Procédure devant la cour :
Par une requête et un mémoire, enregistrés les 15 février 2016 et 15 juin 2017, la société Nass et Wind Offshore, aux droits de laquelle vient la société Nass et Wind Smart Services, représentée par MeC..., demande à la cour :
1°) d'annuler ce jugement du tribunal administratif de Rennes du 17 décembre 2015 ;
2°) d'annuler l'arrêté d'attribution à la société Ailes Marines du 18 avril 2012 et la décision de rejet de la candidature de la société Eolien Maritime France du 19 avril 2012 ;
3°) de condamner l'Etat à lui verser la somme de 23 061 506 euros, assortie des intérêts moratoires, en réparation des préjudices consécutifs à l'attribution de l'autorisation à la société Ailes Marines SAS et du rejet de l'offre présentée par Eolien Maritime France ;
4°) de mettre à la charge de l'Etat le versement d'une somme de 30 000 euros au titre des dispositions de l'article L. 761-1 du code de justice administrative.
Elle soutient que :
- les mémoires en défense présentés par la société Ailes marines sont irrecevables, dès lors que les décisions en litige émanent uniquement de l'Etat ;
- le tribunal administratif ne pouvait procéder à la jonction de ses demandes, qui présentaient des conclusions différentes ;
- sur le bien-fondé de ce jugement :
. elle justifie d'un intérêt suffisamment direct au soutien de ses conclusions en excès de pouvoir et de ses conclusions indemnitaires, dès lors qu'elle faisait partie du consortium représenté par Eolien Maritime France ;
. le lot n°4 en cause a été attribué irrégulièrement, sur la base de critères autres que ceux prévus au cahier des charges des l'appel d'offres ;
. cette irrégularité, alors que la commission de régulation de l'énergie avait classé l'offre de Eolien Maritime France en 1ère position, est à l'origine directe du préjudice financier que lui a causé l'impossibilité de se voir verser diverses sommes prévues par une convention d'achat d'actions et de collaboration, signée par elle le 3 janvier 2012 avec Eolien Maritime France, qui lui garantissait, au cas où le projet de Saint-Brieuc était développé par Eolien Maritime France, des compléments de prix à concurrence de 19 920 000 euros, ainsi que le versement, dès le succès de l'appel d'offres, d'un complément de prix de 2 341 506 euros ; de plus ce même contrat prévoyait la contractualisation de prestations de service pour le développement du projet de Saint-Brieuc, ce qui n'a pu se faire à défaut de délivrance de l'autorisation à Eolien Maritime France ; le préjudice total se monte à 23 061 506 euros.

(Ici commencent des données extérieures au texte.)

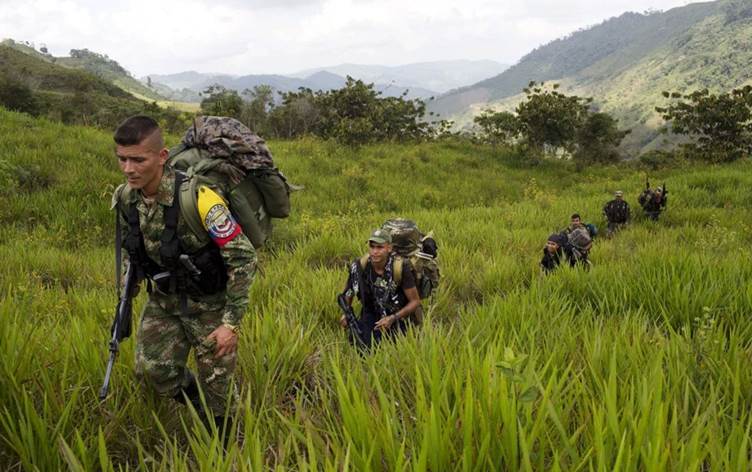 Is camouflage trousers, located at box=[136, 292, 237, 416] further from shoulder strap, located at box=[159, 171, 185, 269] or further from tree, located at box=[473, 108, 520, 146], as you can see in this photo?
tree, located at box=[473, 108, 520, 146]

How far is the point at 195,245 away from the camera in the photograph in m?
2.58

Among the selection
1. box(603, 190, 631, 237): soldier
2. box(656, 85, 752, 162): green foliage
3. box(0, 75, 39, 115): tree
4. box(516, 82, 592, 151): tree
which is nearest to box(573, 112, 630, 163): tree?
box(516, 82, 592, 151): tree

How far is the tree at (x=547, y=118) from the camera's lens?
85.7 ft

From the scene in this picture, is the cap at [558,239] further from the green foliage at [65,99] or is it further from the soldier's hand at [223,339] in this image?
Answer: the green foliage at [65,99]

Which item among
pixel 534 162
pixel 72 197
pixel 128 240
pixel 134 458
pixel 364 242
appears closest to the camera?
pixel 134 458

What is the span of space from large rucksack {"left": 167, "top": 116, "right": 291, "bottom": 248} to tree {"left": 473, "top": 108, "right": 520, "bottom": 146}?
26201 millimetres

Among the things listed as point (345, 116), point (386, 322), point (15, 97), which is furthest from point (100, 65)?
point (386, 322)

Par un mémoire en intervention, enregistré le 25 mars 2016, l'association " Gardez les Caps ", représentée par MeB..., s'associe aux conclusions et moyens développés par la société Nass et Wind Offshore.
Par un mémoire en défense, enregistré le 12 avril 2017, le ministre de l'environnement, de l'énergie et de la mer conclut au rejet de la requête.
Il soutient que :
- la demande de première instance de la société Nass § Wind Offshore n'était pas recevable, dès lors que la société Nass et Wind Offshore n'était pas elle-même candidate à l'appel d'offres, mais simple sous-traitante ;
- aucun des moyens de la requête n'est fondé.

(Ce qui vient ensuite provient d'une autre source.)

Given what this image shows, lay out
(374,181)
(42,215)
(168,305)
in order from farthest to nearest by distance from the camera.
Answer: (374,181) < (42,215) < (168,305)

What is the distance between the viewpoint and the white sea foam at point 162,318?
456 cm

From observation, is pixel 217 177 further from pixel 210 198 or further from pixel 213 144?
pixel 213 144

Par des mémoires en défense, enregistrés les 27 septembre 2016 et 5 juillet 2017, la société Ailes Marines, représentée par MeA..., conclut au rejet de la requête et à ce qu'une somme de 4 000 euros soit mise à la charge de la société Nass et Wind Offshore au titre des dispositions de l'article L. 761-1 du code de justice administrative.
Elle soutient que
- la demande de la société Nass et Wind Offshore est irrecevable, dès lors qu'en toute hypothèse cette société ne pouvait se voir attribuer l'autorisation en cause ;
- l'intervention de l'association " Gardez les Caps " est irrecevable car elle s'associe aux conclusions d'une requête elle-même irrecevable ; en tout état de cause cette association ne justifie pas, compte tenu de son objet, d'un intérêt lui donnant qualité pour agir.

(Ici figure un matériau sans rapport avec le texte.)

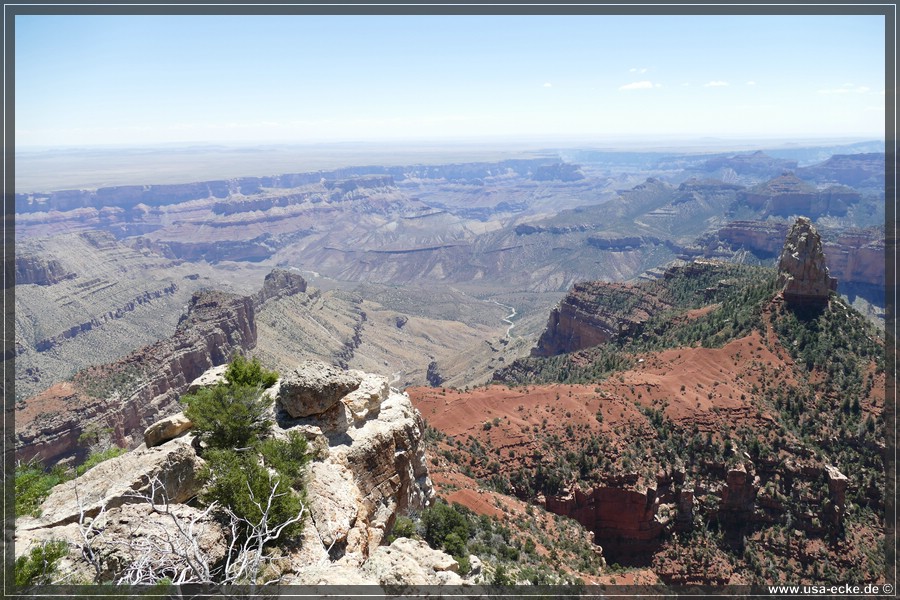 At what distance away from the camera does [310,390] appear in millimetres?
16672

L'instruction a été close le 12 septembre 2017, date d'émission d'une ordonnance prise en application des dispositions combinées des articles R. 611-11-1 et R. 613-1 du code de justice administrative.
Un mémoire présenté pour la société Nass et Wind Offshore, enregistré le 12 septembre 2017, postérieurement à l'émission de cette ordonnance, n'a pas été communiqué.
Vu les autres pièces du dossier.
Vu :
- le code de l'énergie ;
- la loi n° 2009-967;
- le décret n° 2002-1434 ;
- l'arrêté du 15 décembre 2009 relatif à la programmation pluriannuelle des investissements de production d'électricité ;
- le code de justice administrative.
Les parties ont été régulièrement averties du jour de l'audience.
Ont été entendus au cours de l'audience publique :
- le rapport de M. Francfort, président-assesseur,
- les conclusions de M. Durup de Baleine, rapporteur public,
- et les observations de MeC..., représentant la société Nass § Wind Smart Services, et de MeA..., représentant la société Ailes Marines.
Une note en délibéré présentée pour la société Nass § Wind Offshore a été enregistrée le 16 octobre 2017.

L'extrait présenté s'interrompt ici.